Base Salary and Benefits .
(a)
The Executive's base salary shall be not less than
$180,000 per annum or such higher rate as this contract may
designate from time to time (the " Base Salary "), which
Base Salary shall be payable in regular installments in accordance
with the Company's general payroll practices and subject to
withholding and other payroll taxes. Such base salary shall
increase incrementally at the same rate as the Consumer Price Index
(CPI) of the previous year.
(b)
In addition, the Executive shall be eligible to
receive annual incentive payments, in the form of either cash or
stock or both as outlined in Appendix A attached hereto, based on
the achievement of short-term and long-term growth and
profitability goals, which goals shall be agreed upon annually by
the Executive and by the Directors. The goals shall be
established not later than the last day of the Company's fiscal
year with respect to the immediately succeeding fiscal year.
Further, the Executive shall be eligible to receive
additional bonuses at the discretion of the Directors. Permanent
bonuses shall be elaborated in Appendix A to this agreement.
(c)
The Company shall reimburse the Executive for all
reasonable expenses incurred by him in the course of performing his
duties under this Agreement which are consistent with the Company's
policies in effect from time to time with respect to travel,
entertainment and other business expenses, subject to the Company's
requirements with respect to reporting and documentation of such
expenses.
(d)
In addition, the Executive shall be entitled to (i)

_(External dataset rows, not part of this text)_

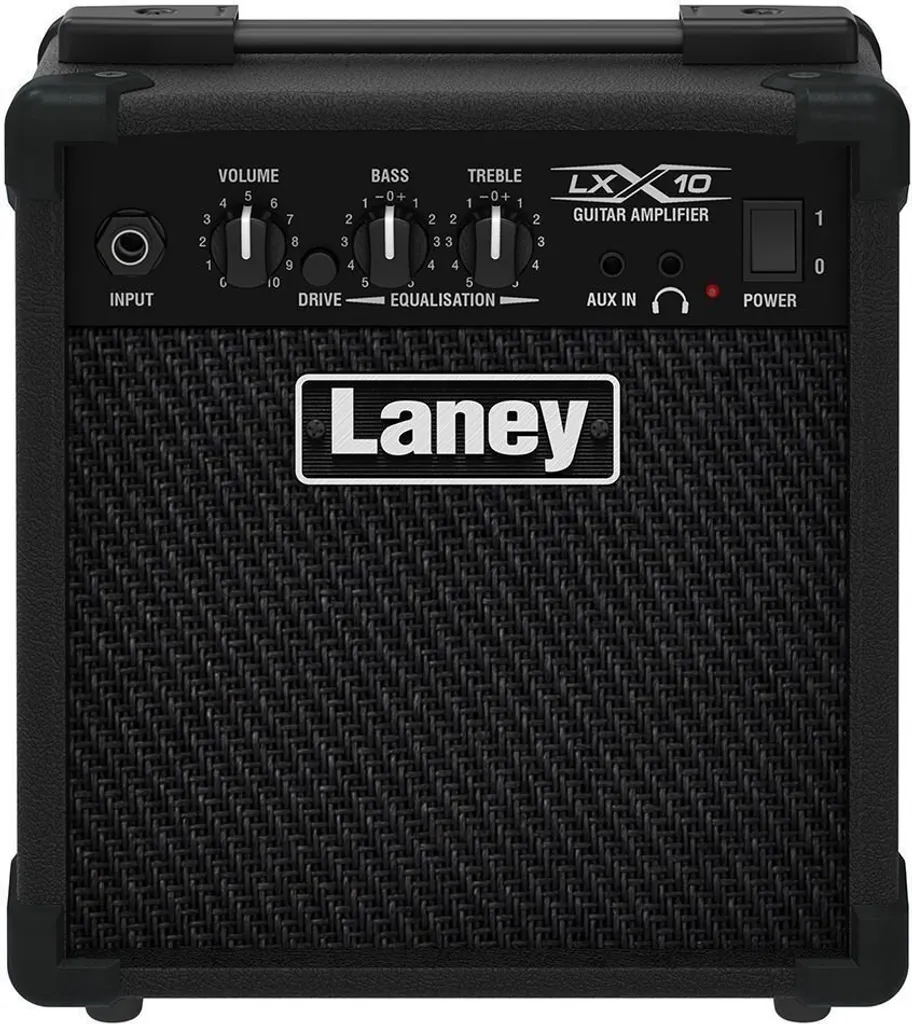 Ampli Guitare Électrique 10W Laney LX10 Mini Combo Pratique et Compact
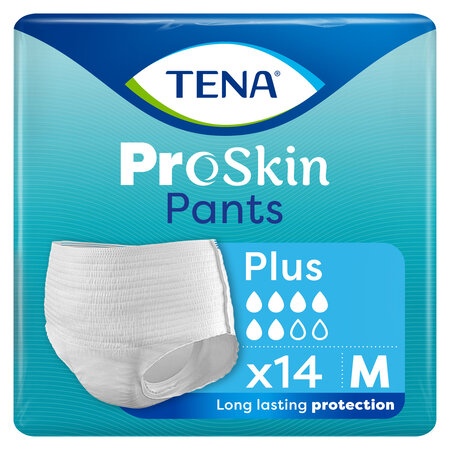 TENA 5 Packungen - TENA Pants Plus ProSkin (von XXS bis XL)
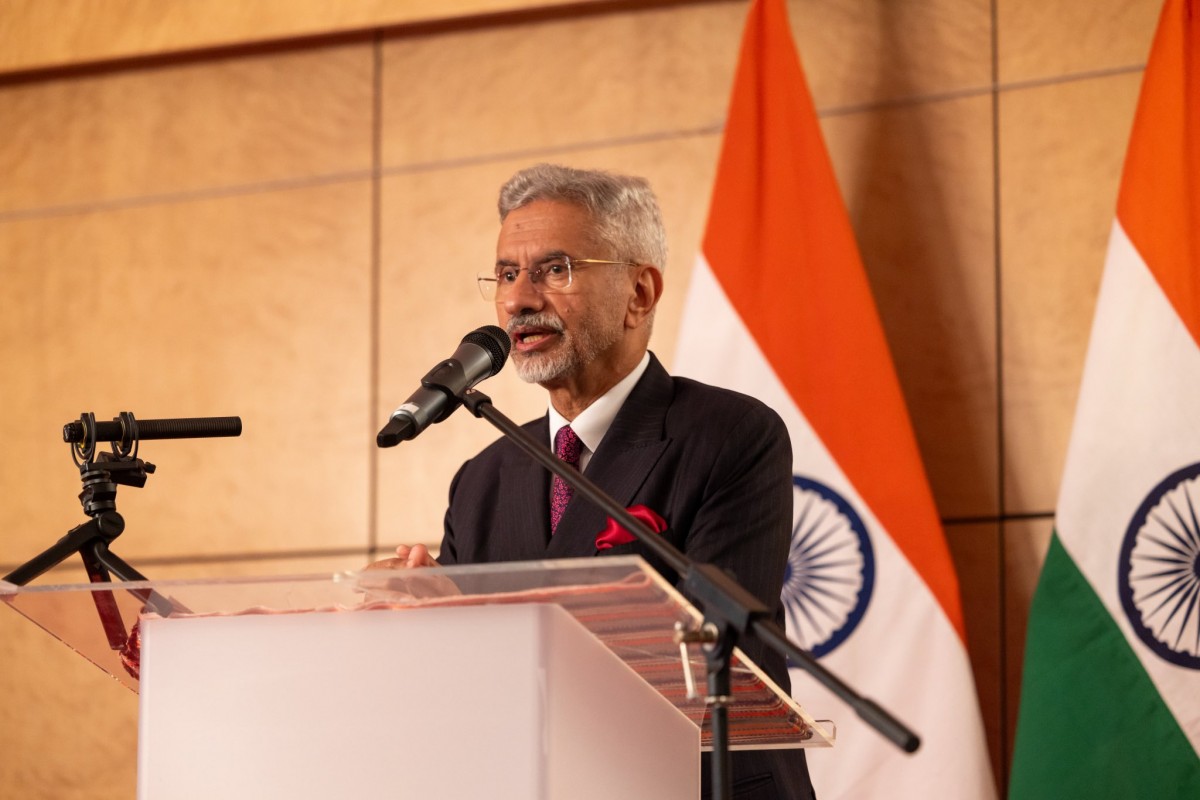 Ngoại trưởng Ấn Độ Subrahmanyam Jaishankar. Ảnh: X/@DrSJaishankar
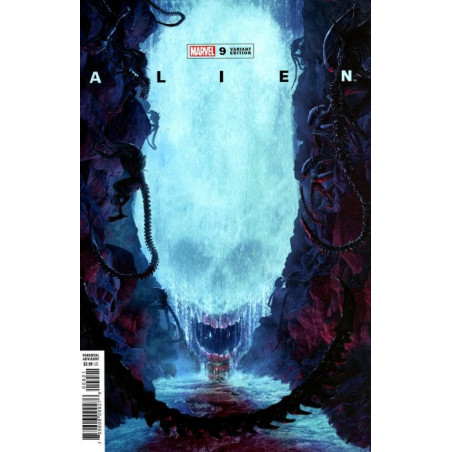 Alien Vol. 1 Issue 9b Variant
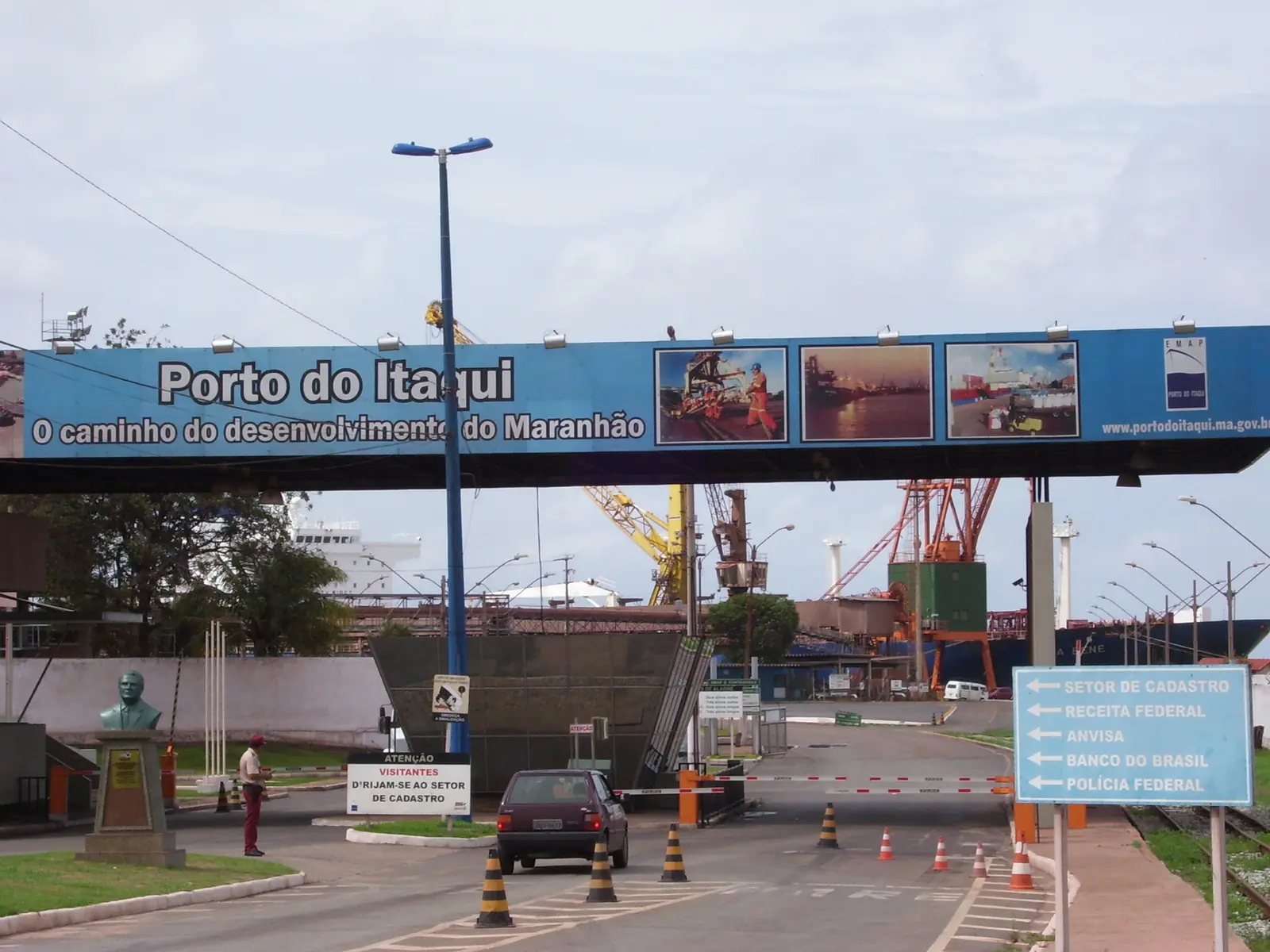 Porto do Itaqui prevê em novembro o primeiro teste com 30 mil toneladas de DDGS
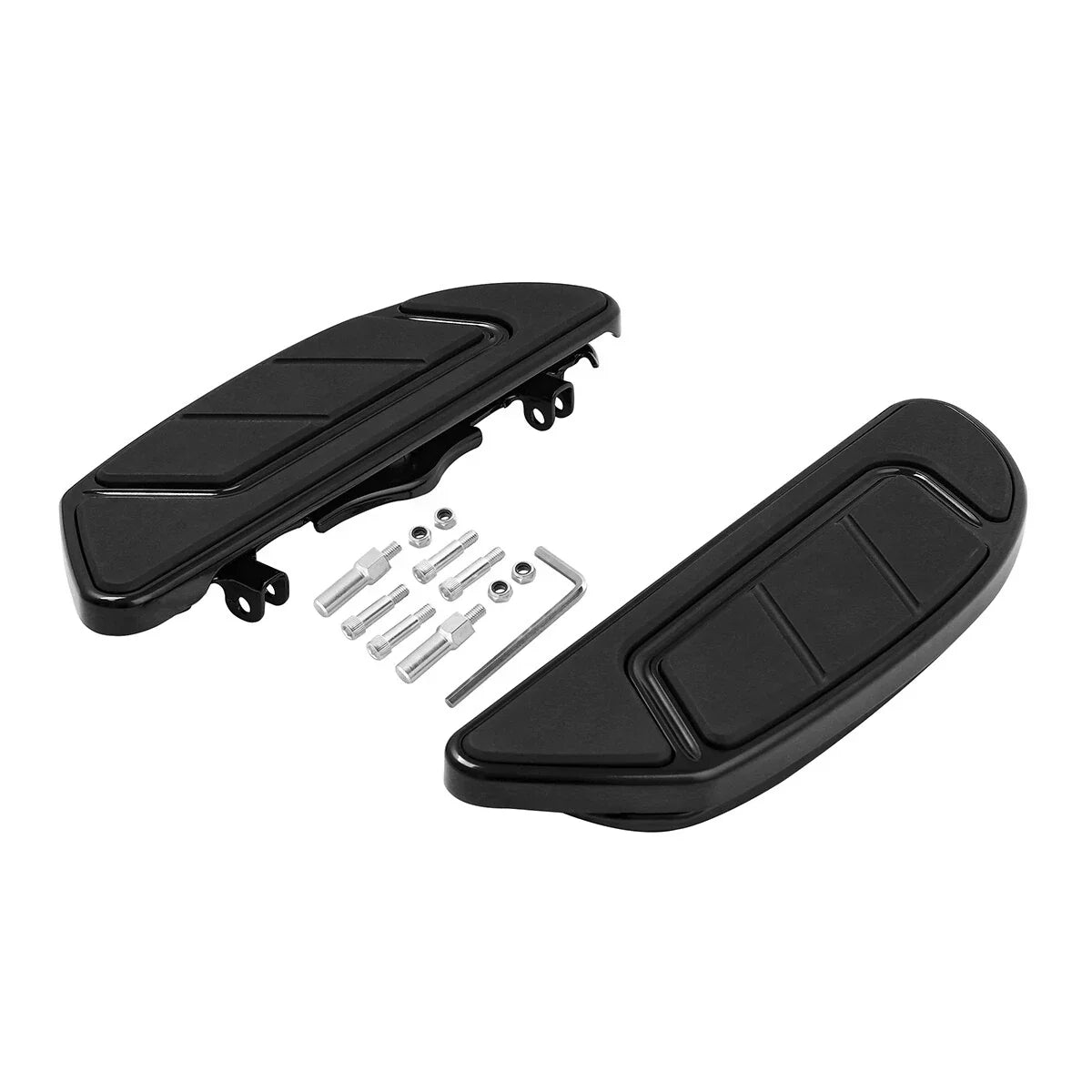 Driver Rider Floorboards Mount Bracket for Harley Touring Road King (2017-2024)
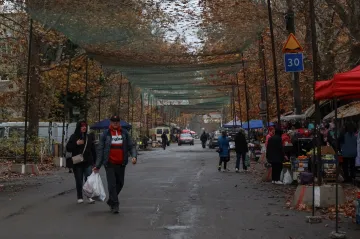 Cherson slaví Velikonoce pod hrozbou dronů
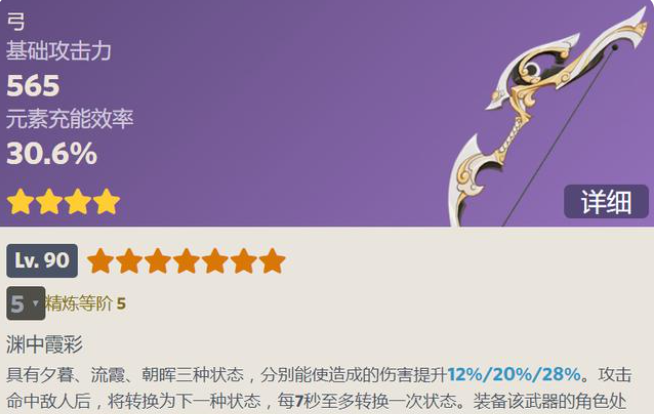 原神落霞弓怎么獲得  落霞弓獲取以及突破材料匯總[多圖]圖片2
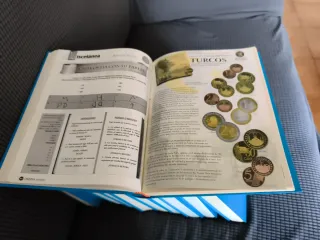 Revista Cronica Numismática encuadernada 1996-2005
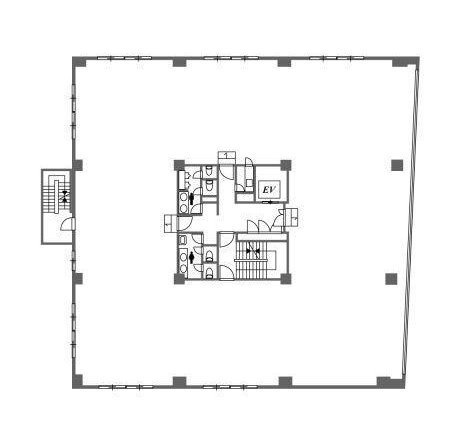 豊島8丁目ビル1F～5F 間取り図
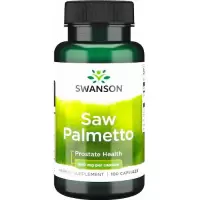 Swanson Saw Palmetto 540mg 100kaps Palma Sabałowa - suplement diety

participate in all Company stock incentive, savings and retirement
programs; (ii) participate in all welfare benefit programs provided
by the Company, including but not limited to, provision for or
reimbursement of, health insurance for himself and all dependants,
life insurance, short- and long-term disability coverage, and
retirement programs; (iii) fringe benefits and perquisites
available generally to other executives of the Company,
specifically the leasing of a vehicle equivalent to his status;
(iv) paid vacation of a duration applicable generally to other
executives of the Company, but not less than 4 weeks paid vacation
annually; and (v) suitable office space, furnishings and
secretarial assistance; and (vi) travel and accommodations in a
first class manner and at hotels of at least 4 stars or better, if
the company provides fractional air ownership or private air
service, Executive shall have the rights to participate in such
program.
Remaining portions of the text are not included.